Sustainability intersects with compensation and benefits in the context of how an organization makes decisions about the distribution of its revenue. In sustainability terms, this analysis requires that decisions be well-balanced, rational, and equitable to address any negative social and environmental impacts and to protect the organization’s long-term viability. Creating a competitive and equitable compensation system also has significant implications for employee engagement and overall value of the organization.

Competing for talent

For organizations to stay competitive, they must attract and retain quality talent. One way to do this is to carefully evaluate the compensation and benefits they offer employees. These not only impact a company’s success in being able to attract and retain talent, they also define the organization and what it values. In today’s highly competitive market for talent, an organization needs to show that it cares for and values its employees so that they want to join and stay with the company and perform at their best.

Benchmarking compensation and benefits against other companies competing for talent is a traditional approach to establishing compensation and benefits. A low unemployment environment, coupled with growing concern about issues like work-life balance and corporate responsibility, has put pressure on companies to focus beyond core benefits to more innovative compensation and benefits structures and attributes.
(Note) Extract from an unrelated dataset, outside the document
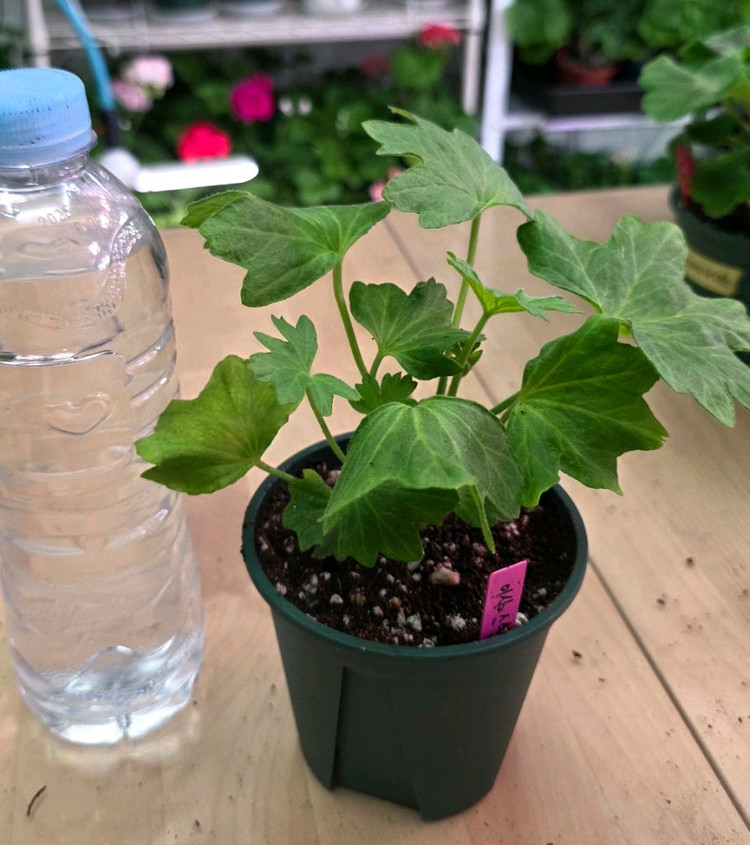 이샤스완 스텔라 제라늄--1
When choosing an employer, employees are increasingly factoring into the decision-making process healthcare packages, vacation and family leave time, and a host of new workplace amenities. How a company facilitates and eases the stresses of working in a 24-7 connected world can influence an individual’s decision about whom to work for. While a competitive salary is still a core consideration, today’s employees are placing a greater emphasis on what additional compensation and benefits employers offer.

Fairness in compensation

An employee’s sense of worth within an organization is largely gauged by compensation as a function of performance. Employees almost always have a view on what their time, efforts, and achievements are worth; they expect their employer to recognize and respect the contributions an employee makes through just compensation. When an employee’s and employer’s perception of roles and compensation do not match, discontent ensues. Illogical or unexplained pay disparities within the workplace can polarize employees and result in a skewed understanding of the value of their own work in relation to the work of others.

To create a healthy compensation environment for all employees, employers must work to alleviate significant disparities in compensation relative to value delivered. Pay equity means that employers pay individuals or groups of employees the same wages to perform jobs that require substantially equal skill, effort, and responsibility. While pay equity aims for fairness in compensation, it does allow for consideration of an employee’s credentials, experience, tenure, and performance in wage setting.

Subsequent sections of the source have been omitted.